Eventually, the concrete is fully cured. Francie is accepted into college, and steps into the identity she once dreamed of. There will be a desk of her own now, freshly-sharpened pencils, a clean green blotter, and books—books, books, books. In her last days in Brooklyn, as she packs up to leave, she looks once more at the tree of heaven:
“The tree whose leaf umbrellas had curled around, under and over her fire escape had been cut down because the housewives complained that wash on the lines got entangled in its branches…But the tree hadn’t died...A new tree had grown from the stump and…grown along the ground until it reached a place where there were no wash lines above it. Then it had started to grow towards the sky again.”
Against all odds, one inch at a time, Francie has grown like this stubborn tree. And she has touched the sky.
Thank you Brigitte Kratz for your editing eye on this one!
In a 2018 study published in Current Biology, Graybiel’s lab trained rats to press two levers in varying specific sequences for a reward of chocolate milk. As the rats learned, the researchers recorded activity in the dorsolateral striatum, a region of the basal ganglia long associated with habit. Two patterns emerged in opposite directions. The excitatory projection neurons, which carry signals outward from the striatum to drive behavior, fired strongly at the first lever press and again at the last, but went quiet in the middle. The inhibitory interneurons, which dampen activity in surrounding cells, fired in the inverse pattern, active during the middle of the sequence and silent at the boundaries. Because each rat had learned a different sequence, the bracketing could not be explained by motor commands alone. It marked the routine itself as a unit. Martiros, Burgess, & Graybiel, “Inversely Active Striatal Projection Neurons and Interneurons Selectively Delimit Useful Behavioral Sequences,” Current Biology 28, no. 4 (2018): 560–573. https://pmc.ncbi.nlm.nih.gov/articles/PMC5820126/
In a 2008 review for the Annual Review of Neuroscience, Graybiel synthesized decades of research on how habits become physically encoded in the brain. Repetition gradually shifts a behavior’s control from the dorsomedial striatum, which supports flexible, goal-directed action, to the dorsolateral striatum, which supports habit. Once this transfer is complete, the behavior becomes remarkably resistant to change. In experimental paradigms where the original reward is removed or made aversive, animals continue performing the habitual behavior anyway. The neural signature has outlived the motivation that built it. Graybiel, “Habits, Rituals, and the Evaluative Brain,” Annual Review of Neuroscience 31 (2008): 359–387. https://web.math.princeton.edu/~sswang/basal-ganglia/graybiel08_annu_rev_neurosci_BG-evaluative-brain.pdf




Rachel, I love this truth you are touching on so well in this piece: how we become ourselves by the use our imagination, our attentive noticing (for example the resonant words of others), and "the vote for the type of person you wish to become."

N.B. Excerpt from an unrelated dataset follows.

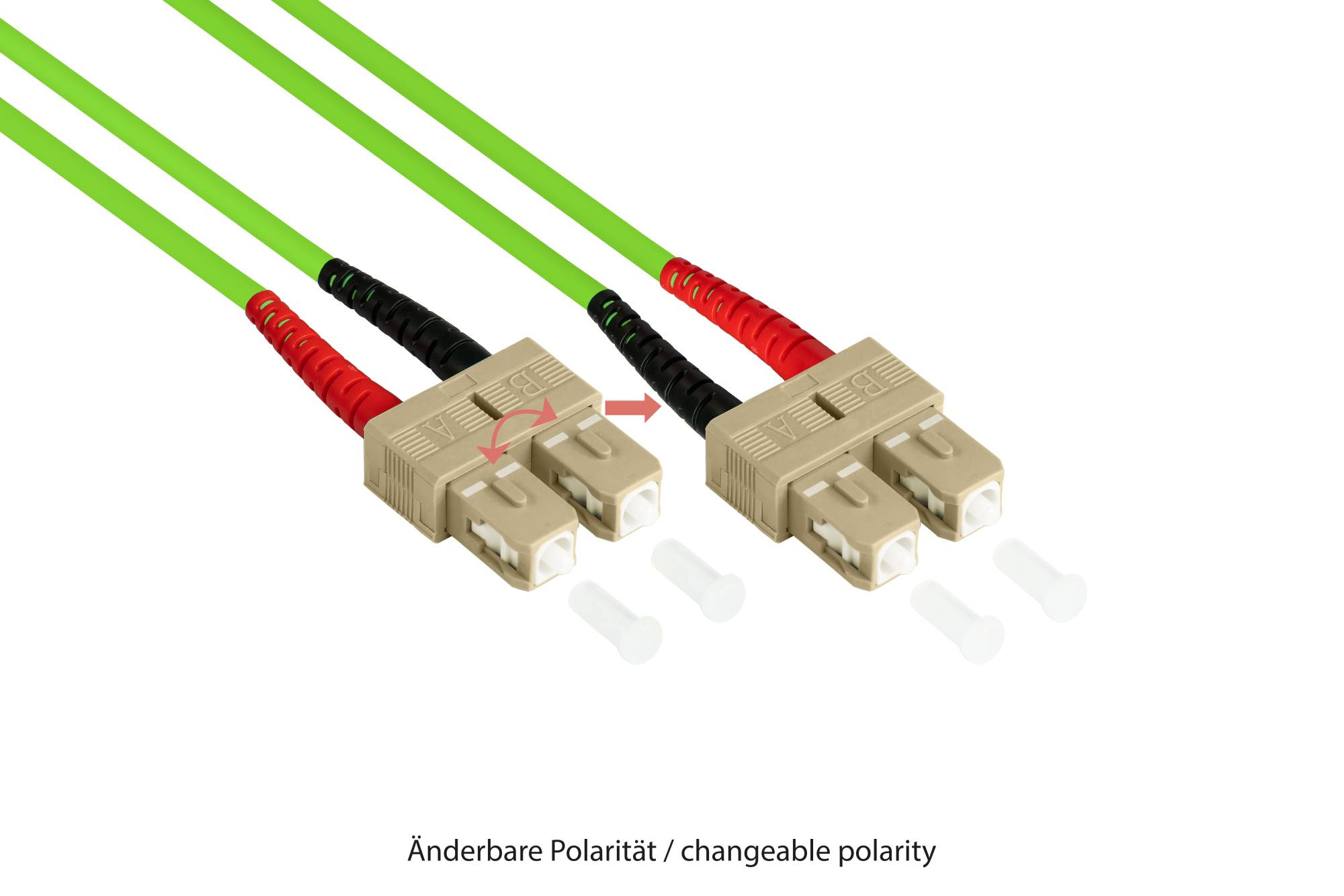 Patchkabel LWL Duplex OM5 (Multimode, 50/125) LC/SC, LSZH, austauschbare Polarität, 30m, Good Connections®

"This is identity changing, the deepest of Clear’s three levels and the slowest to arrive. “Every action you take,” Clear writes, “is a vote for the type of person you wish to become.” "
I think this piece struck me the most. How because this sense of identity happens slowly, over time, we're not often aware how deeply embedded the roots of it are inside us. So it's that much harder to, first of all, parse out what our identity even consists of... and then we see how difficult it is to change it. So paying attention to what actions we actually take- will help us see who we are, and thus as we change our actions into some new patterns, we also change our identity.
Thanks again for your brilliant insights Rachel.